My Citizens, the limpid and pure love that the Suzerain of Spice – YOUR TFD! – feels for all things curried is truly beyond measure, and this delicious recipe from the Indian state of Maharashtra is definitely one of my most beloved!
Shrimp are already one of my favorites, and add in a unique masala blend endemic to the region and you get a potently-flavored main dish truly worthy to grace any table – in any home – of any member of TFD Nation! I am honored to share my take on this seminal recipe and hope you see fit to sample its savory delights forthwith!
Maharashtrian or Marathi cuisine is the cuisine of the Marathi people from the Indian state of Maharashtra. It has distinctive attributes, while sharing much with other Indian cuisines. Traditionally, Maharashtrians have considered their food to be more austere than others.
Maharashtrian cuisine includes mild and spicy dishes. Wheat, rice, jowar, bajri, vegetables, lentils and fruit are dietary staples. Peanuts and cashews are often served with vegetables. Meat was traditionally used sparsely or only by the well off until recently, because of economic conditions and culture.

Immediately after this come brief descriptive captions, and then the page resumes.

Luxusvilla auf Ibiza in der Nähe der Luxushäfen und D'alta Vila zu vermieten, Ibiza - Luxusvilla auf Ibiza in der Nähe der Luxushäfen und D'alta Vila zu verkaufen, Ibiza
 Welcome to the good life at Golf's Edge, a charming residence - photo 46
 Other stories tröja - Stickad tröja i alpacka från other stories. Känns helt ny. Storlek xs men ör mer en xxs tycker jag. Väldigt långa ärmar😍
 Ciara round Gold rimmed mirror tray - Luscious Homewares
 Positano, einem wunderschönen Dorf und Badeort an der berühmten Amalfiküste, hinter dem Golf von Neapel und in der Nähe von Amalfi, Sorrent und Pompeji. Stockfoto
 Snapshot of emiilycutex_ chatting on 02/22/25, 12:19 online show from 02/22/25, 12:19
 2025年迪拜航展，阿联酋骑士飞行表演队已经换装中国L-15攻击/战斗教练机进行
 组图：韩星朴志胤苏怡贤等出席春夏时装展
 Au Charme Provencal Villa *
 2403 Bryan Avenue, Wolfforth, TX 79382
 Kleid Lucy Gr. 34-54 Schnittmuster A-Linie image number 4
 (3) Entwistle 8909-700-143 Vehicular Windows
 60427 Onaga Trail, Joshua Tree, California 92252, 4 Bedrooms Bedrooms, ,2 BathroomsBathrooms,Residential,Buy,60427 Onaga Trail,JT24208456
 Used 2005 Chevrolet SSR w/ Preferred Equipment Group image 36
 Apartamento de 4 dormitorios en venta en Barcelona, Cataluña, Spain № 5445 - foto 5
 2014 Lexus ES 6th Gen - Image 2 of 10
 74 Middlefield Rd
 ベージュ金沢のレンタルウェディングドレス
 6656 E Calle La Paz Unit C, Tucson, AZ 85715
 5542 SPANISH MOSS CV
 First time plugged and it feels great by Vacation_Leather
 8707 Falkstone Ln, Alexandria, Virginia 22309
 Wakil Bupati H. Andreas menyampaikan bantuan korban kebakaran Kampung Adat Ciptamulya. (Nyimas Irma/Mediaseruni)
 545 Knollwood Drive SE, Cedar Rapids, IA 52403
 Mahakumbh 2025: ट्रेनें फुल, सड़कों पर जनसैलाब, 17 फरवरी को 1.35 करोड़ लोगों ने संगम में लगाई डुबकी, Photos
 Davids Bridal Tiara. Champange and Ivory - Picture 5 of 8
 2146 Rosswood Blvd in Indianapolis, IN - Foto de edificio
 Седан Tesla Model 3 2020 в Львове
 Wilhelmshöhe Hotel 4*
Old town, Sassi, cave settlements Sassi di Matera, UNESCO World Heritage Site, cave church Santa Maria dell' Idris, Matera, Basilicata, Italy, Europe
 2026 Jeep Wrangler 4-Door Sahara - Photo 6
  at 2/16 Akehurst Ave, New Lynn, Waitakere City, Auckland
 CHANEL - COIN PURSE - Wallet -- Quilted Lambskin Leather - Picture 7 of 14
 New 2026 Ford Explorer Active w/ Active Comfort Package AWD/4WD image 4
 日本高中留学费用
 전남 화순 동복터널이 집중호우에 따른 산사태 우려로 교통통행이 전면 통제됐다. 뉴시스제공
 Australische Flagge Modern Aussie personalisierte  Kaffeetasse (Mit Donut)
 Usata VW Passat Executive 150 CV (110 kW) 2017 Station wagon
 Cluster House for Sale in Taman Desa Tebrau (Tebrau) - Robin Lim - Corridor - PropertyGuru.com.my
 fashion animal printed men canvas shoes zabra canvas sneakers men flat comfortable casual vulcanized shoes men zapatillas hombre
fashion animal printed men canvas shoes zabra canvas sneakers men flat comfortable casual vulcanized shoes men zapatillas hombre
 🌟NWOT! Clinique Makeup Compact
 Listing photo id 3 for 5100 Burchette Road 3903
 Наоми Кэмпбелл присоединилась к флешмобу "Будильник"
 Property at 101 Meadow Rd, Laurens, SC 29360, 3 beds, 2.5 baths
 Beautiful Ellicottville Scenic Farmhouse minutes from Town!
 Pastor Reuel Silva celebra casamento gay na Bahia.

The urban population in Maharashtrian cities such as Mumbai, Pune and others has been influenced by cuisine from other parts of India and abroad. For example, the Udupi dishes idli and dosa, as well as Chinese and Western dishes, are quite popular in home cooking, and in restaurants.
Since they occupy a vast area with distinct geographical differences and food availability, the Marathi people from different regions have produced a diverse cuisine. The diversity extends to the family level because each family uses its own unique combination of spices and ingredients.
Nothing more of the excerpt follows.